It would be inexpedient and wrong therefore to present the economic categories successively in the order in which they have played the dominant role in history. On the contrary, their order of succession is determined by their mutual relation in modern bourgeois society and this is quite the reverse of what appears to be natural to them or in accordance with the sequence of historical development The point at issue is not the role that various economic relations have played in the succession of various social formations appearing in the course of history; even less is it their sequence “as concepts” (Proudhon) (a nebulous notion of the historical process), but their position within modern bourgeois society.
It is precisely the predominance of agricultural peoples in the ancient world which caused the merchant nations – Phoenicians, Carthaginians – to develop in such purity (abstract precision). For capital in the shape of merchant or money capital appears in that abstract form where capital has not yet become the dominant factor in society. Lombards and Jews occupied the same position with regard to mediaeval agrarian societies.
Another example of the various roles which the same categories have played at different stages of society are joint-stock companies, one of the most recent features of bourgeois society; but they arise also in its early period in the form of large privileged commercial companies with rights of monopoly.
The concept of national wealth finds its way into the works of the economists of the seventeenth century as the notion that wealth is created for the State, whose power, on the other hand, is proportional to this wealth – a notion which to some extent still survives even among eighteenth-century economists. This is still an unintentionally hypocritical manner in which wealth and the production of wealth are proclaimed to be the goal of the modern State, which is regarded merely as a means for producing wealth.
The disposition of material has evidently to be made in such a way that (section) one comprises general abstract definitions, which therefore appertain in some measure to all social formations, but in the sense set forth earlier. Two, the categories which constitute the internal structure of bourgeois society and on which the principal classes are based. Capital, wage-labour, landed property and their relations to one another. Town and country. The three large social classes; exchange between them. Circulation. The (private) credit system. Three, the State as the epitome of bourgeois society. Analysis of its relations to itself. The 44 unproductive” classes. Taxes. National debt. Public credit. Population. Colonies. Emigration. Four, international conditions of production. International division of labour. International exchange. Export and import. Rate of exchange. Five, world market and crises.
Means of Production and Conditions of Production.
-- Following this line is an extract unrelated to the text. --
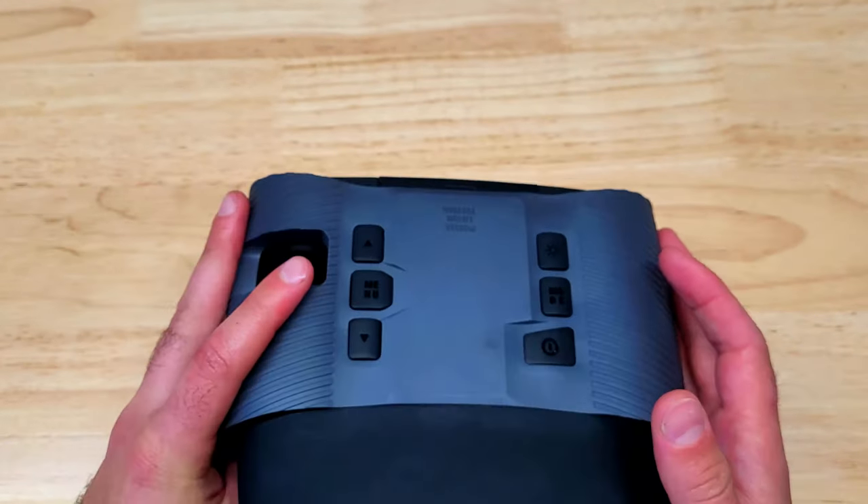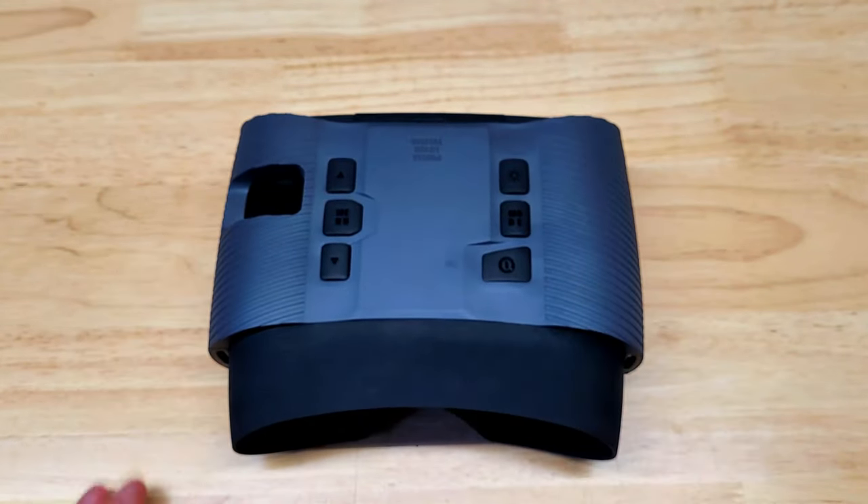Let me know what you think of the BN-V21 from Akpatel in the comments below, and if you want to learn more or pick one up and help support the channel, you can find the link in the description below.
Conditions of Production and Communication. Political Forms and Forms of Cognition in Relation to the Conditions of Production and Communication. Legal Relations. Family Relations
Notes regarding points which have to be mentioned in this context and should not be forgotten.
1. War develops [certain features] earlier than peace; the way in which as a result of war, and in the armies, etc., certain economic conditions, e.g., wage-labour, machinery, etc., were evolved earlier than within civil society. The relations between productive power and conditions of communication are likewise particularly obvious in the army.
2. The relation of the hitherto existing idealistic historiography to realistic historiography. In particular what is known as history of civilisation, the old history of religion and states. (The various kinds of historiography hitherto existing could also be discussed in this context; the so-called objective, subjective (moral and others), philosophical [historiography].)
3. Secondary and tertiary phenomena, in general derived and transmitted, i.e., non-primary, conditions of production. The influence of international relations.
4. Reproaches about the materialism of this conception; relation to naturalistic materialism.
5. Dialectics of the concepts productive power (means of production) and relations of production, the limits of this dialectical connection, which does not abolish the real differences, have to be defined.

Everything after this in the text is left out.